Diesmal vollzog sich die rituelle Verbindung des Brautpaars etwas routinierter - zumindest für Durus. Seine Vorstellungen von Ehe waren ohnehin etwas revidiert worden. Daher bedachte er Flora nach der Zeremonie mit seinem aufgesetzten Politikerlächeln, das ohne jedwedes Gefühl in ihm auskam.

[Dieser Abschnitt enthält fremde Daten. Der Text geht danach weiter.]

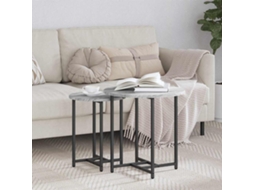 Vidaxl Conjunto De Mesas De Apoio 2 Unid. Sonoma Cinza E Preto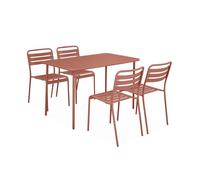 Alice's Garden - Table de Jardin métal + 4 assises Terracotta en Acier. Amelia. 120x70xH72.5cm (12.2kg)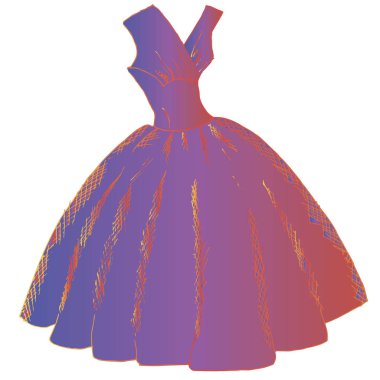 Top elbise simgesi. Elle çizilmiş Mor mürekkep hisse senedi vektör çizim, tasarım öğesi web, baskı için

Nun folgte das Opfer und während man das Schwein hereinführte, ließ Durus sich bereits die Hände waschen. Zugleich trat Lukios, der ein wenig den Zeremonienmeister spielte, vor und befahl:
"Favete linguis!"
Seine Stimme war zwar nicht ganz so klar und fest wie beim letzten Mal, als der hauptamtliche Herold der Consuln es übernommen hatte, dennoch genügte es, um die Gäste zur Ruhe zu bringen. Selbst das Schwein schien ruhig - ganz anders als bei der Hochzeit mit Laevina. Wenn Durus so darüber nachdachte, war es ja bereits damals ein schlechtes Omen gewesen, dass das Schwein sich so gewehrt hatte - vielleicht hätte man das Opfer wiederholen...andererseits war der alte Tiberier sich nicht sicher, wie sehr er an diese Kultregeln glauben sollte.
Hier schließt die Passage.